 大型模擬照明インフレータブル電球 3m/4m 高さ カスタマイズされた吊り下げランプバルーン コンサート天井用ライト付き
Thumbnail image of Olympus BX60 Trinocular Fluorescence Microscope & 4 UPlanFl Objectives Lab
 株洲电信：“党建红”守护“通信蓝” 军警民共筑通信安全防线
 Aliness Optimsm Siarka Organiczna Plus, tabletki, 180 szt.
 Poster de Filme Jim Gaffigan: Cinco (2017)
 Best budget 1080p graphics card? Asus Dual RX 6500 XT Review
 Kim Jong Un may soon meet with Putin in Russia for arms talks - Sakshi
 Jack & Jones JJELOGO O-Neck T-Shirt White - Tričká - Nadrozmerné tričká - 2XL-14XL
==
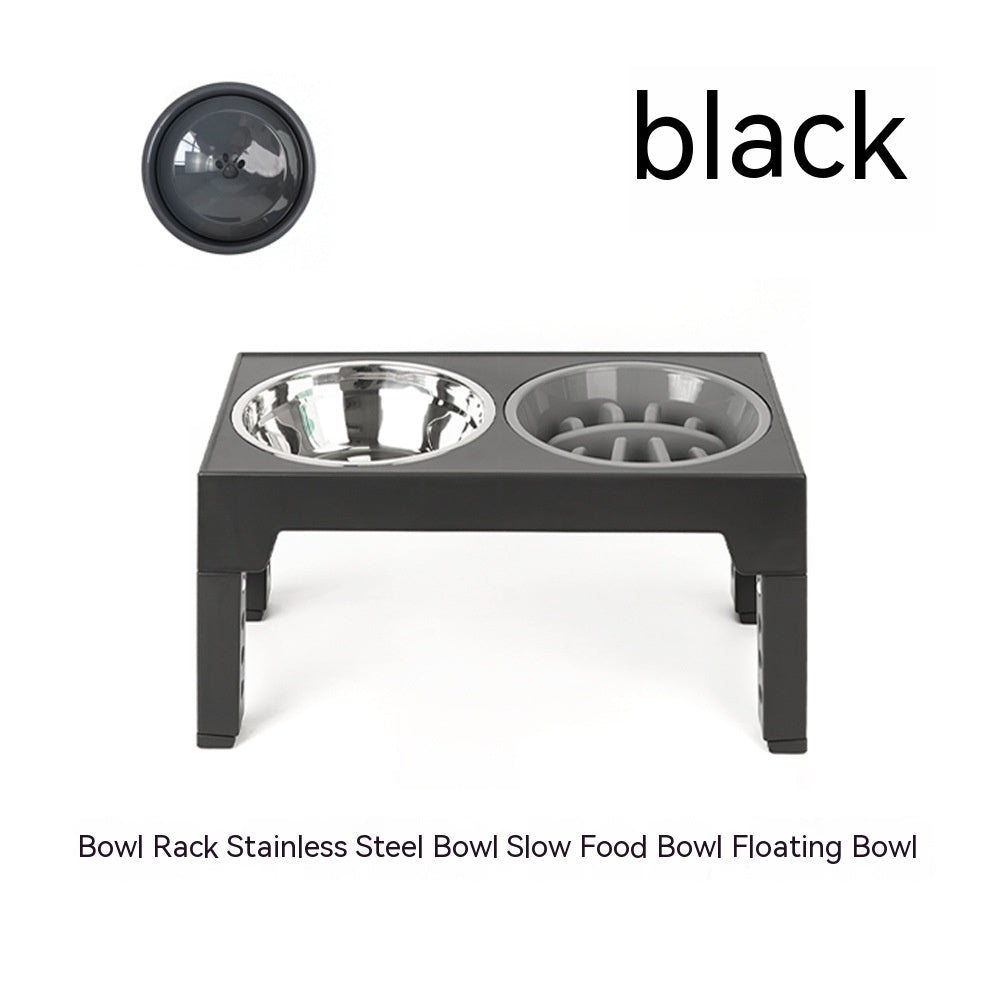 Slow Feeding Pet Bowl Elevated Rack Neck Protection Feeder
* * *
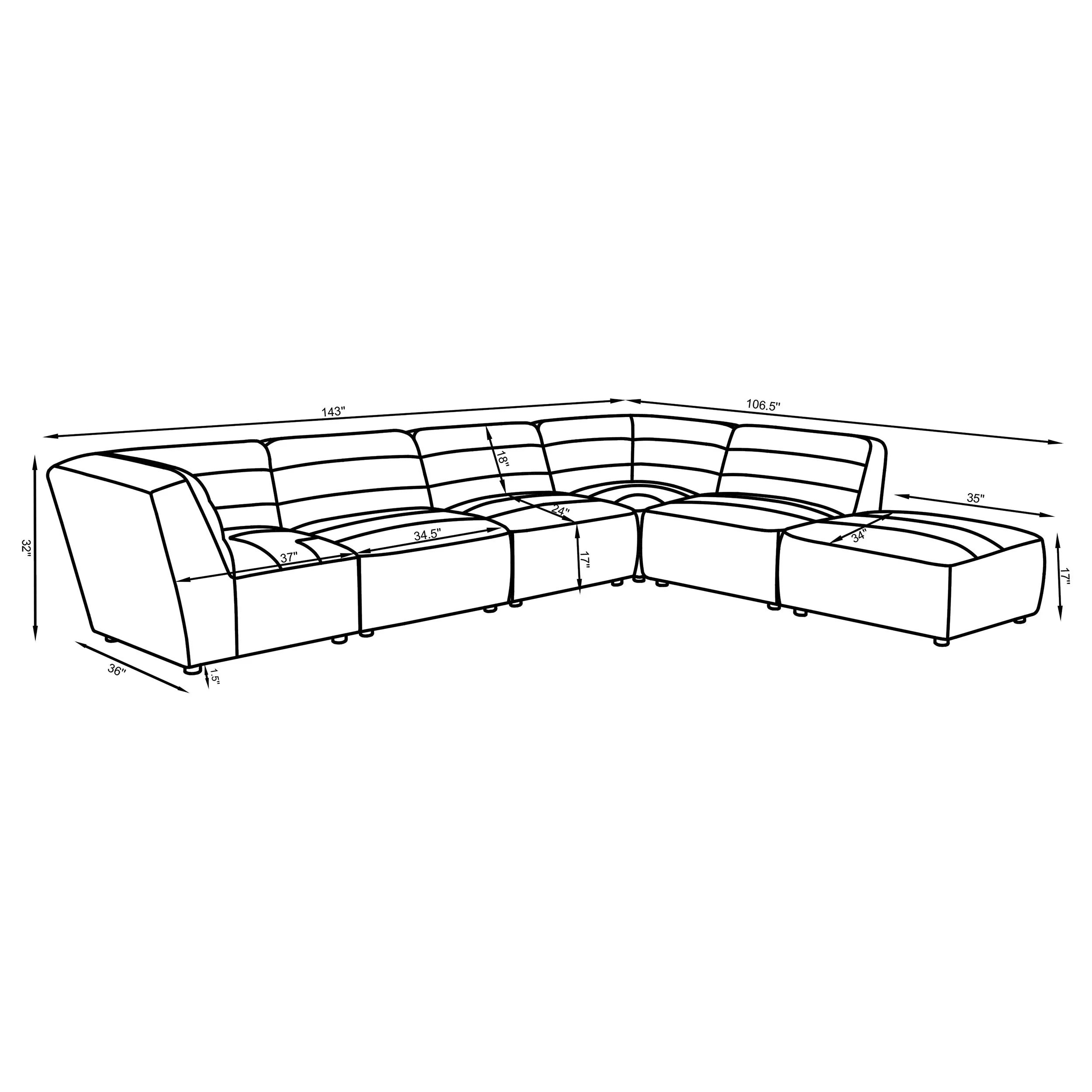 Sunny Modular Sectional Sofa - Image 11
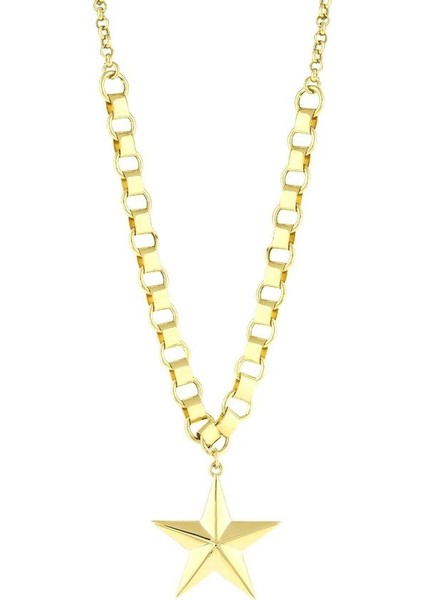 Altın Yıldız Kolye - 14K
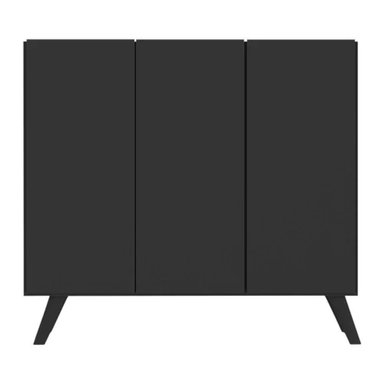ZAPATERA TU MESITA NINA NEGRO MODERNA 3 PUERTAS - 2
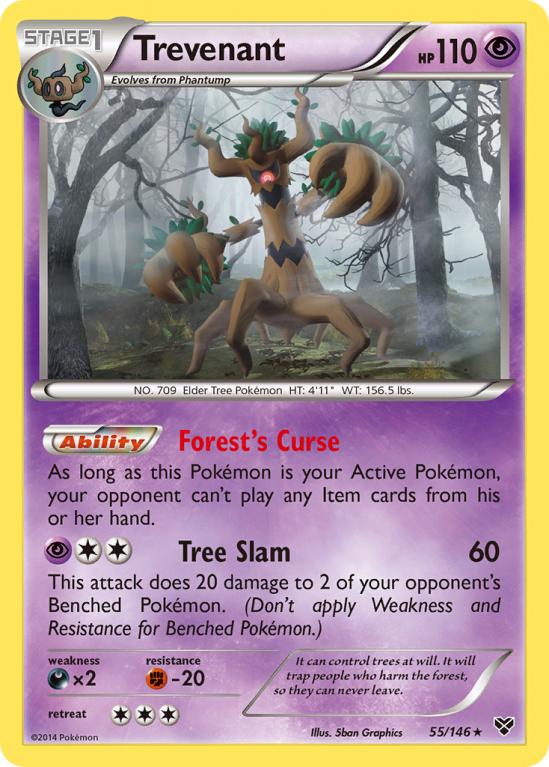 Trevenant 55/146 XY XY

* **What you are asked to do**
What is asked for is an exact copy of the lines above from the one containing "Thumbnail image of" through the one containing "Jack & Jones", and only those.

* **Expected output**
Thumbnail image of Olympus BX60 Trinocular Fluorescence Microscope & 4 UPlanFl Objectives Lab
 株洲电信：“党建红”守护“通信蓝” 军警民共筑通信安全防线
 Aliness Optimsm Siarka Organiczna Plus, tabletki, 180 szt.
 Poster de Filme Jim Gaffigan: Cinco (2017)
 Best budget 1080p graphics card? Asus Dual RX 6500 XT Review
 Kim Jong Un may soon meet with Putin in Russia for arms talks - Sakshi
 Jack & Jones JJELOGO O-Neck T-Shirt White - Tričká - Nadrozmerné tričká - 2XL-14XL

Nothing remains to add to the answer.